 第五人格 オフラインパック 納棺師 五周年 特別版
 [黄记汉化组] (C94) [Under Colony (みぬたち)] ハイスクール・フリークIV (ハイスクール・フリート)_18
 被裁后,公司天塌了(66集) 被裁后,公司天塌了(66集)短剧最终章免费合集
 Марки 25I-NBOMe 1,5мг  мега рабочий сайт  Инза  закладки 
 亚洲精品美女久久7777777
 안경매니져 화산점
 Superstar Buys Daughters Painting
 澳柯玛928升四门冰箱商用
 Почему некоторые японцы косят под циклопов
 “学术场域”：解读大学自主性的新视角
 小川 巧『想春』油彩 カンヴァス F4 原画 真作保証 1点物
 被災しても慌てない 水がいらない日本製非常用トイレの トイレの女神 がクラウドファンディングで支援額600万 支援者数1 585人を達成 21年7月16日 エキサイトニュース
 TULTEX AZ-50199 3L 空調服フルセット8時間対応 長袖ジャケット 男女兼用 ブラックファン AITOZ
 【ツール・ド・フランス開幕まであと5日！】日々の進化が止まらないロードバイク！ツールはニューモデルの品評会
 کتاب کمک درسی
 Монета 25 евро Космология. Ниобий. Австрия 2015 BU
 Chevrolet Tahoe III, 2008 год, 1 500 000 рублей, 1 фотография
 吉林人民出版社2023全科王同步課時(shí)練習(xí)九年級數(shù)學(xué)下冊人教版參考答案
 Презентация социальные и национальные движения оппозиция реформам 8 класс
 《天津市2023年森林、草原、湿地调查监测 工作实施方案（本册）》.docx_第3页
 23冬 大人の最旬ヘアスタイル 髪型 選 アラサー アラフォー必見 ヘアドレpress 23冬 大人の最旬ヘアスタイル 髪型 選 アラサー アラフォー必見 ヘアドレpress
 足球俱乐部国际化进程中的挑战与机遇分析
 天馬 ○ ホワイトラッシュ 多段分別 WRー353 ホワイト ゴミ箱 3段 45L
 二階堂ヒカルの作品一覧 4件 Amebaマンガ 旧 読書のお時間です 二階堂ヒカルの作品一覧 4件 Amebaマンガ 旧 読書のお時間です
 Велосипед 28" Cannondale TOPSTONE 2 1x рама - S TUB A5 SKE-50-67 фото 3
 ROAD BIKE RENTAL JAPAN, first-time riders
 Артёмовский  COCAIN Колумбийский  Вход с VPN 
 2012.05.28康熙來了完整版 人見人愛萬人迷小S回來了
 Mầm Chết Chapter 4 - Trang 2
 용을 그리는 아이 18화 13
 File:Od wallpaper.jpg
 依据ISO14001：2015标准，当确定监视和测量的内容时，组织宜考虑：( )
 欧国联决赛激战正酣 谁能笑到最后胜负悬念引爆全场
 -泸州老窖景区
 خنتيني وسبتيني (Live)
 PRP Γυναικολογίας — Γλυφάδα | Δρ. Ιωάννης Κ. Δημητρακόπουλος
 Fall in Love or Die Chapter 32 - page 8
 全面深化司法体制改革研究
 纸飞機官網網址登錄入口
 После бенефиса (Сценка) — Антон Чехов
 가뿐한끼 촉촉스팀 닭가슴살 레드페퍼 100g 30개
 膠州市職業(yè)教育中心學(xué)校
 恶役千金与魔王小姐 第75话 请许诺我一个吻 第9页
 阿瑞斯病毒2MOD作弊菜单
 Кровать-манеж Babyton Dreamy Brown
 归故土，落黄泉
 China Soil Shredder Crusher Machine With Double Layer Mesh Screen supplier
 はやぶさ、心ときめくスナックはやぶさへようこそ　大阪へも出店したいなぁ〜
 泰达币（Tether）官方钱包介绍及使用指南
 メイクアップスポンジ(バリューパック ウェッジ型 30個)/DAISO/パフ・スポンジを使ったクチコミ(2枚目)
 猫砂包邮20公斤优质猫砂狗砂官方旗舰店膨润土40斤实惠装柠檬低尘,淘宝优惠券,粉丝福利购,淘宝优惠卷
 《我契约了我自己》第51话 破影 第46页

----

[Prompt]
Every line of the material above should be repeated exactly.

[Response to this exercise]
 第五人格 オフラインパック 納棺師 五周年 特別版
 [黄记汉化组] (C94) [Under Colony (みぬたち)] ハイスクール・フリークIV (ハイスクール・フリート)_18
 被裁后,公司天塌了(66集) 被裁后,公司天塌了(66集)短剧最终章免费合集
 Марки 25I-NBOMe 1,5мг  мега рабочий сайт  Инза  закладки 
 亚洲精品美女久久7777777
 안경매니져 화산점
 Superstar Buys Daughters Painting
 澳柯玛928升四门冰箱商用
 Почему некоторые японцы косят под циклопов
 “学术场域”：解读大学自主性的新视角
 小川 巧『想春』油彩 カンヴァス F4 原画 真作保証 1点物
 被災しても慌てない 水がいらない日本製非常用トイレの トイレの女神 がクラウドファンディングで支援額600万 支援者数1 585人を達成 21年7月16日 エキサイトニュース
 TULTEX AZ-50199 3L 空調服フルセット8時間対応 長袖ジャケット 男女兼用 ブラックファン AITOZ
 【ツール・ド・フランス開幕まであと5日！】日々の進化が止まらないロードバイク！ツールはニューモデルの品評会
 کتاب کمک درسی
 Монета 25 евро Космология. Ниобий. Австрия 2015 BU
 Chevrolet Tahoe III, 2008 год, 1 500 000 рублей, 1 фотография
 吉林人民出版社2023全科王同步課時(shí)練習(xí)九年級數(shù)學(xué)下冊人教版參考答案
 Презентация социальные и национальные движения оппозиция реформам 8 класс
 《天津市2023年森林、草原、湿地调查监测 工作实施方案（本册）》.docx_第3页
 23冬 大人の最旬ヘアスタイル 髪型 選 アラサー アラフォー必見 ヘアドレpress 23冬 大人の最旬ヘアスタイル 髪型 選 アラサー アラフォー必見 ヘアドレpress
 足球俱乐部国际化进程中的挑战与机遇分析
 天馬 ○ ホワイトラッシュ 多段分別 WRー353 ホワイト ゴミ箱 3段 45L
 二階堂ヒカルの作品一覧 4件 Amebaマンガ 旧 読書のお時間です 二階堂ヒカルの作品一覧 4件 Amebaマンガ 旧 読書のお時間です
 Велосипед 28" Cannondale TOPSTONE 2 1x рама - S TUB A5 SKE-50-67 фото 3
 ROAD BIKE RENTAL JAPAN, first-time riders
 Артёмовский  COCAIN Колумбийский  Вход с VPN 
 2012.05.28康熙來了完整版 人見人愛萬人迷小S回來了
 Mầm Chết Chapter 4 - Trang 2
 용을 그리는 아이 18화 13
 File:Od wallpaper.jpg
 依据ISO14001：2015标准，当确定监视和测量的内容时，组织宜考虑：( )
 欧国联决赛激战正酣 谁能笑到最后胜负悬念引爆全场
 -泸州老窖景区
 خنتيني وسبتيني (Live)
 PRP Γυναικολογίας — Γλυφάδα | Δρ. Ιωάννης Κ. Δημητρακόπουλος
 Fall in Love or Die Chapter 32 - page 8
 全面深化司法体制改革研究
 纸飞機官網網址登錄入口
 После бенефиса (Сценка) — Антон Чехов
 가뿐한끼 촉촉스팀 닭가슴살 레드페퍼 100g 30개
 膠州市職業(yè)教育中心學(xué)校
 恶役千金与魔王小姐 第75话 请许诺我一个吻 第9页
 阿瑞斯病毒2MOD作弊菜单
 Кровать-манеж Babyton Dreamy Brown
 归故土，落黄泉
 China Soil Shredder Crusher Machine With Double Layer Mesh Screen supplier
 はやぶさ、心ときめくスナックはやぶさへようこそ　大阪へも出店したいなぁ〜
 泰达币（Tether）官方钱包介绍及使用指南
 メイクアップスポンジ(バリューパック ウェッジ型 30個)/DAISO/パフ・スポンジを使ったクチコミ(2枚目)
 猫砂包邮20公斤优质猫砂狗砂官方旗舰店膨润土40斤实惠装柠檬低尘,淘宝优惠券,粉丝福利购,淘宝优惠卷
 《我契约了我自己》第51话 破影 第46页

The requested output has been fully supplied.